2015-04-20 Thread Dimitri John Ledkov
On 18 April 2015 at 09:39, Christoph Pleger
christoph.ple...@cs.tu-dortmund.de wrote:
 Hello,

 Why does systemd start this service before /var is mounted, though the
 service should be executed after remote-fs.target, and remote-fs.target
 comes after local-fs.target?


 Because remote-fs.target is not part of initial transaction.

 And why is this different in my intermediate.target than in
 multi-user.target, though intermediate.target defines exactly the same
 requirements, orders and conflicts as multi-user.target?


 Because systemd allows to declare extra dependencies that are not
 directly part of unit definition. E.g. remote-fs.target has
 WantedBy=multi-user.target. It is *not* dependencies listed in unit
 configuration of multi-user.target that make it start remote-fs.target.

 When initial target is multi-user.target all those reverse
 dependencies (for lack of better word) are pulled in and are part of
 initial transaction. With another unit as initial target they are
 skipped.

 Ah, I understand, that makes it clear. The auto-generated pident.service
 file only defines that the service should be executed after
 remote-fs.target, but it does not require it, and because no other service
 or target wants or requires remote-fs.target before pidentd.service
 starts, the filesystems are not yet mounted at that point.

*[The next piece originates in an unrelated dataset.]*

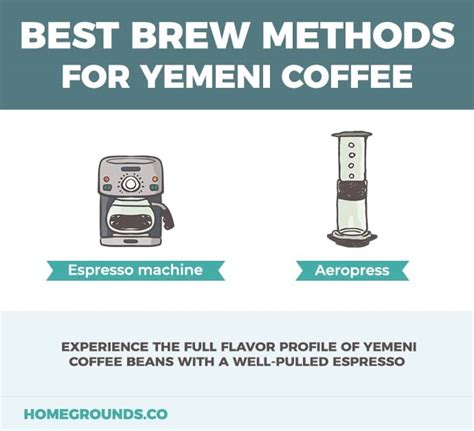 Descubre los secretos del café de Yemen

 But then, I think that the way how systemd translates LSB init scripts
 should be changed. This is the LSB part of /etc/init.d/pidentd:

  ### BEGIN INIT INFO
 # Provides:  pidentd-run-dir
 # Required-Start:$remote_fs
 # Required-Stop: $remote_fs
 # Default-Start: S
 # Default-Stop:
 # Short-Description: setup for pidentd
 # Description:   create /var/run/ident for pidentd
 ### END INIT INFO

 As you can see, it defines remote-fs in Required-Start, not in
 Should-Start. In my opinion, this should result in an additional
 Requires=remote-fs.target in pidentd.service.

Early boot sysv scripts are also gone in Ubuntu. That is - they are
masked by native upstart jobs or systemd units.

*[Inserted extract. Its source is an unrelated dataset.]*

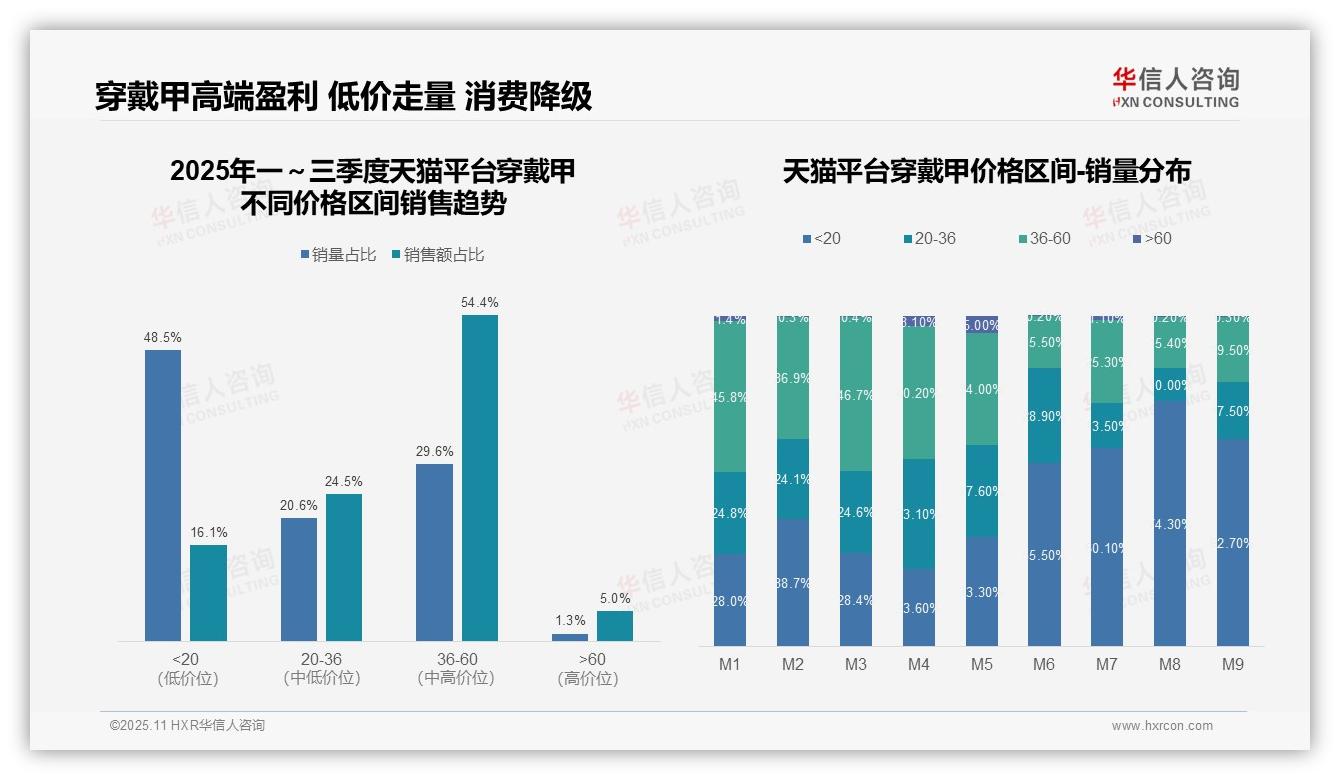 权威印证：华信人咨询调研报告确认抖音穿戴甲高端市场占比20.4%凸显内容驱动优势-2025年11月-穿戴甲-38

For this case, why can't you specify RuntimeDirectory=ident to the
whichever unit pidentd is? Either directly in the unit, or as a
/lib/systemd/system/ident.service.d/rundir.conf or some such. And
ditch the sysv init script?

-- 
Regards,

Dimitri.
Pura Vida!

https://clearlinux.org
Open Source Technology Center
Intel Corporation (UK) Ltd. - Co. Reg. #1134945 - Pipers Way, Swindon SN3 1RJ.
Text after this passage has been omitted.